Assignment -> Each entry is to be given again exactly; drop the images.

Exercise materials ->

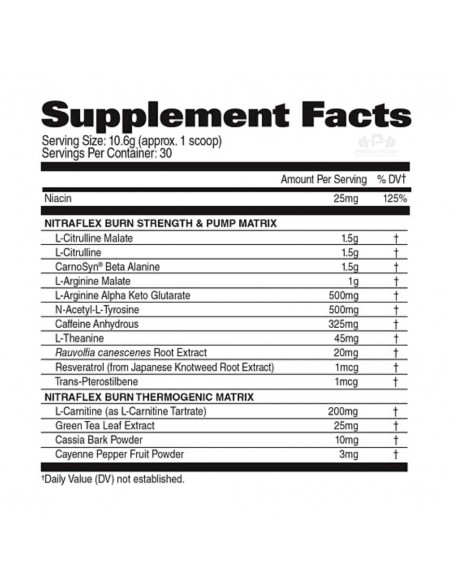 Gat Sport Nitraflex Hyperemia & Testosterone - 30 servidas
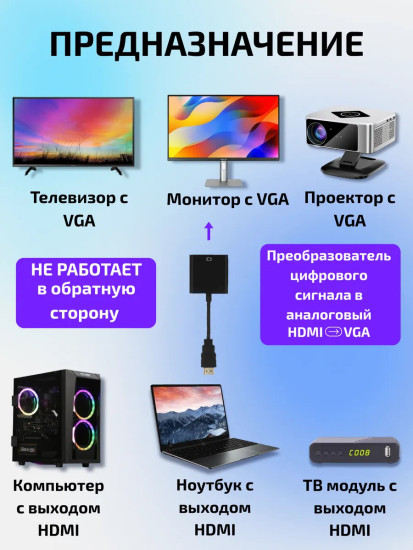 Переходник HDMI VGA адаптер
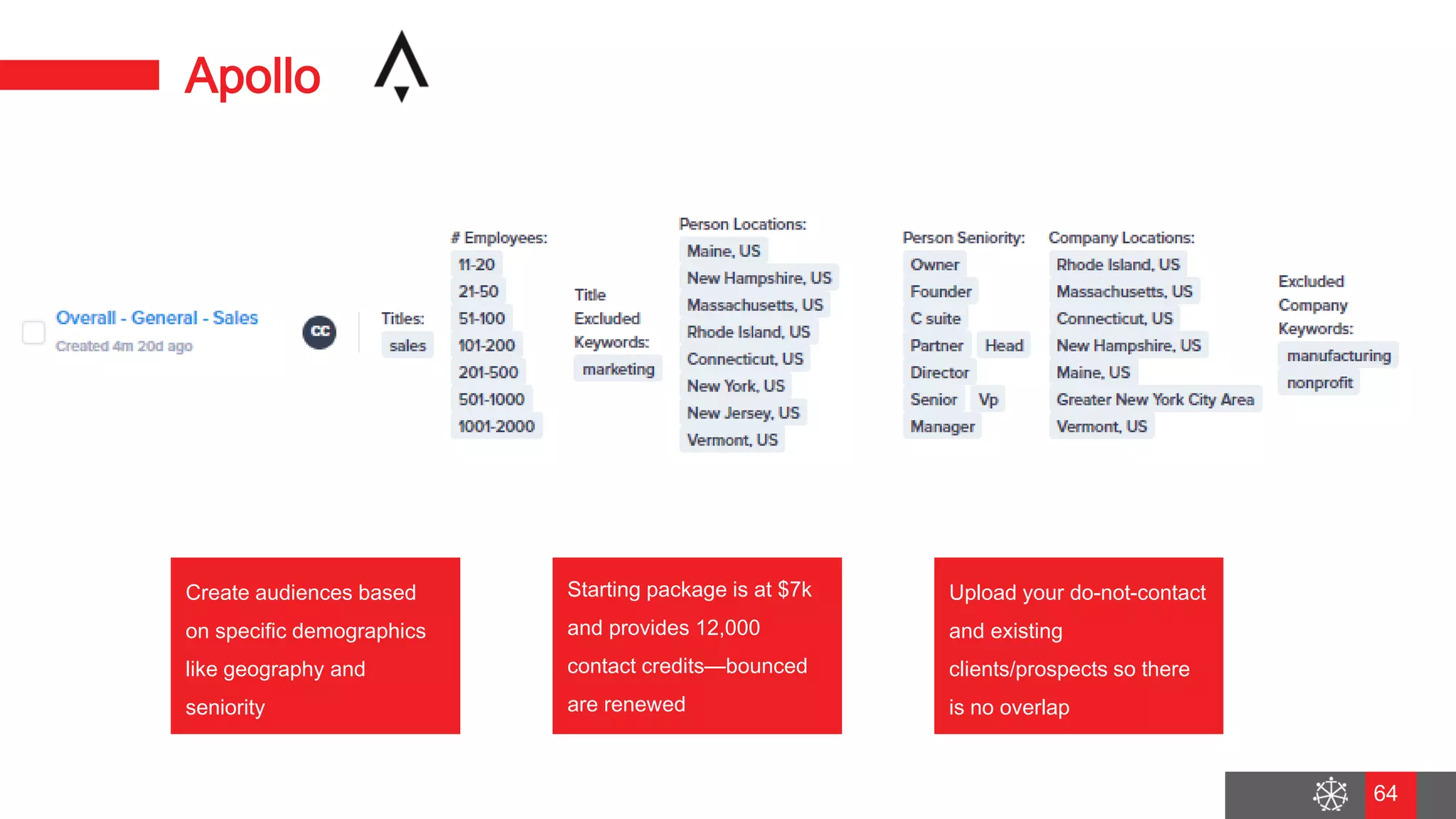 Wednesday, August 29, 2018
57
Apollo
Create audiences based
on specific demographics
like geography and
seniority
Starting package is at $7k
and provides 12,000
contact credits—bounced
are renewed
Upload your do-not-contact
and existing
clients/prospects so there
is no overlap
64
 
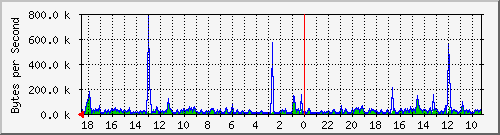 ma-9300_gi4_0_32 Traffic Graph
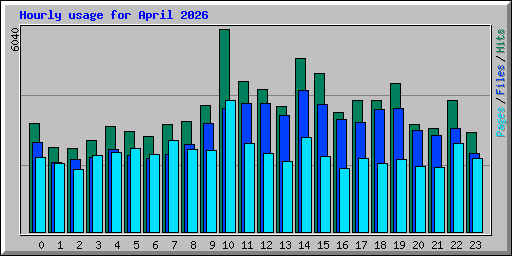 Hourly usage for April 2026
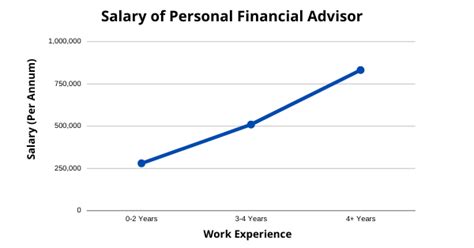 Browse 1163 personal financial advisor job listings from companies with openings that are hiring right now! Career as Personal Financial Advisor - How to Become ...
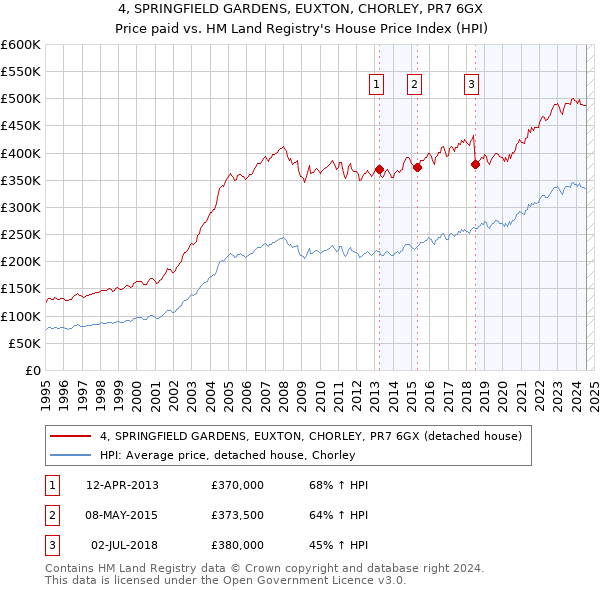 4, SPRINGFIELD GARDENS, EUXTON, CHORLEY, PR7 6GX: Price paid vs HM Land Registry's House Price Index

Response area ->
 Gat Sport Nitraflex Hyperemia & Testosterone - 30 servidas
 Переходник HDMI VGA адаптер
 Wednesday, August 29, 2018
57
Apollo
Create audiences based
on specific demographics
like geography and
seniority
Starting package is at $7k
and provides 12,000
contact credits—bounced
are renewed
Upload your do-not-contact
and existing
clients/prospects so there
is no overlap
64
 
 ma-9300_gi4_0_32 Traffic Graph
 Hourly usage for April 2026
 Browse 1163 personal financial advisor job listings from companies with openings that are hiring right now! Career as Personal Financial Advisor - How to Become ...
 4, SPRINGFIELD GARDENS, EUXTON, CHORLEY, PR7 6GX: Price paid vs HM Land Registry's House Price Index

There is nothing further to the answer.